Other than that, he’s for it.
In Datanami, Alex Woodie covers the “debate”, writing that ODP’s launch “effectively split the Hadoop community down the middle.” Eighteen paragraphs later, he notes that Cloudera and MapR support 75% of the Hadoop implementations. In other words, on one side we have Hadoop’s leaders and, on the other we have ODP.
Spark Summit 2015 Posts Agenda
The organizers of Spark Summit 2015, to be held in San Francisco June 15-17, have posted the agenda. Keynotes are still TBD. On the first two days there will be three tracks, one each targeting developers, data scientists and people like me who care mostly about applications. Among the presenters: NBC Universal, Netflix, Capital One, Beth Israel Deaconess, Edmunds.com, Shopify, OpenTable, AutoTrader, Uber, UnderArmour, Thomson Reuters, Salesforce.com and Duke University, thus demonstrating that Spark really is enterprise-ready.
Predixion Lands Cash?
Predixion Software announces a “D” Round, does not disclose amount. In other words, they’re still negotiating.

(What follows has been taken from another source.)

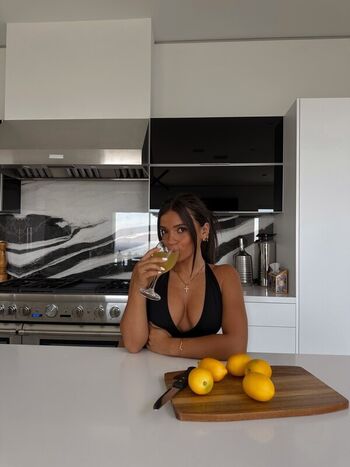 Leaked Kayla manousselis private photo viral onlyfans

The “C” round 22 months ago drew $21 million.
Applications of Note
Bots that report on other bots.
Apache Spark Updates
At ComputerWeekly.com, Lindsay Clarke profiles Spark, gets it right.

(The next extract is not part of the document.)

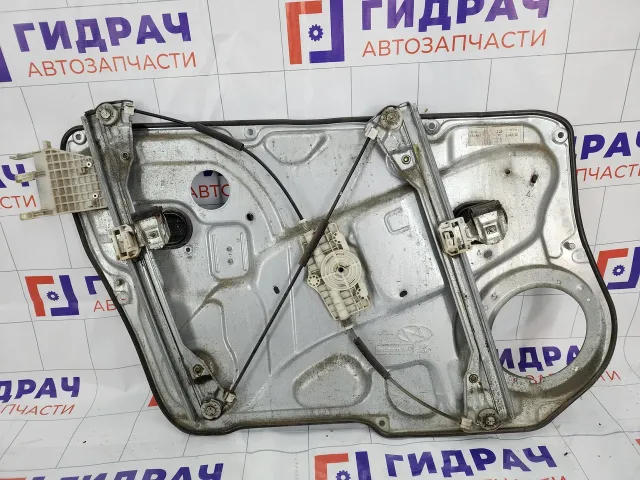Стеклоподъемник электрический передний правый Hyundai Genesis 824023M000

Arush Kharbanda delivers an excellent guide to Spark Streaming for opensource.com.
The bloggers at Sematext say they see Spark Streaming displacing Storm. Hortonworks, are you listening?
On the Databricks blog:
- Reynold Xin summarizes recent Spark performance improvements.
- Ion Stoica and Vida Ha demonstrate analysis of Apache Access logs with Databricks Cloud.
- Daniel Darabos of Lynx Analytics touts LynxKite, a graph analytics solution that leverages Spark.
Kay Ewbank writes a positive review of Learning Spark, the recently released book by Holden Karau, et. al.
Kay Ousterhout et. al. test three workloads in Spark, conclude that performance is CPU-bound and not disk or network bound. (Republished in The Morning Paper).
The R Core Team has announced availability of R 3.2.0.
For those so inclined, the Mahout team has posted a guide to building an app in Mahout.
Google adds stream processing capabilities to BigQuery.
MapR releases on-demand training for Apache Drill.
Microsoft releases a free ebook on Azure Machine Learning. It’s nicely written.